MPs query standard gauge railway insurance

Kenya Railways Acting managing director Alfred Matheka when he appeared before the House Committee on Monday. Photo/Diana Ngila

What you need to know:

  • Kenya Railways says Sh13 billion was for loan from China Export Import Bank.
  • Mr Matheka said the underwriting secured $1.63 billion (Sh140.4 billion) from the China Exim Bank in line with the lender’s policies.
  • He denied that a local insurance broker was involved in the transaction.

Public officials were on Monday at pains to explain why the government paid Sh13 billion in insurance premiums to secure part of the money for constructing the standard gauge railway.

The Public Investments Committee asked Kenya Railways acting managing director Alfred Matheka to explain why the underwriting was necessary for a government-to- government deal.

“If this was a government- to- government agreement, what risk is the Kenyan government insuring at 6.9 per cent? This confirms to us that the whole thing is a private and not a government affair,” committee chairman Adan Keynan said.

Mr Matheka said the underwriting secured $1.63 billion (Sh140.4 billion) from the China Exim Bank in line with the lender’s policies. He denied that a local insurance broker was involved in the transaction.

“China Exim Bank is a commercial bank like any other. They have their own conditions and one of it was that the loan be insured in China before any lending,” Mr Matheka said.

Besides the China Exim Bank loan Mr Matheka said the Chinese government provided a concessional loan of $1.6 billion (Sh136 billion) with the Kenya government providing $571 million (Sh50 billion) in counterpart funds. The project would hence cost Sh327 billion.

Mr Matheka said Kenya Railways entered into two commercial contracts with China Roads and Bridges Corporation (CRBC)—one for civil works (Sh227 billion) from Mombasa to Nairobi and another for rolling stock (Sh100 billion).

The cost per kilometre for the 609 kilometre section is $3.98 million (Sh338 million) for class one standard gauge compared to the 327 kilometre class two standard gauge rail being constructed in Ethiopia at $3.84 million (Sh326 million) per kilometre. The cost in Uganda will be $9.5 million (Sh808 million) per kilometre.

The loans carry an interest rate of two per cent per annum and have a 15 year tenure, including a grace period of five years.
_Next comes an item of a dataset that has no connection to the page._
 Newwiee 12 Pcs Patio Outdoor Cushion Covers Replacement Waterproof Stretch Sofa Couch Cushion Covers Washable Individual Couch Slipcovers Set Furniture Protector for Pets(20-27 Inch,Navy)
A management fee of 7.5 per cent payable upfront and a commitment fee of 15 per cent on undisbursed amounts were also attached.

The MPs accused the corporation of ignoring advice from Attorney- General Githu Muigai, former solicitor- general Wanjuki Muchemi and former permanent secretary Cyrus Njiru that the contract be awarded competitively.

Public Procurement Oversight Authority director- general Maurice Juma could not explain why Article 227 of the Constitution and section 6(1) of the Public Procurement and Disposal Act which require procuring entities to conduct competitive bidding in contracts involving public funds were involved.

He said the corporation, through then managing director Nduva Muli (now transport principal secretary) cancelled the single sourced tender and replaced it with a government to government procurement.

“After the corporation wrote to cancel the tender, we could not proceed with our review,” he said.

The committee directed both Mr Juma and Mr Matheka to separately prepare a detailed brief on the entire project within seven days.

The committee is investigating the procurement of the Sh1.2 trillion Mombasa-Malaba railways after Nandi Hills MP Alfred Keter claimed that it was single sourced and over-priced.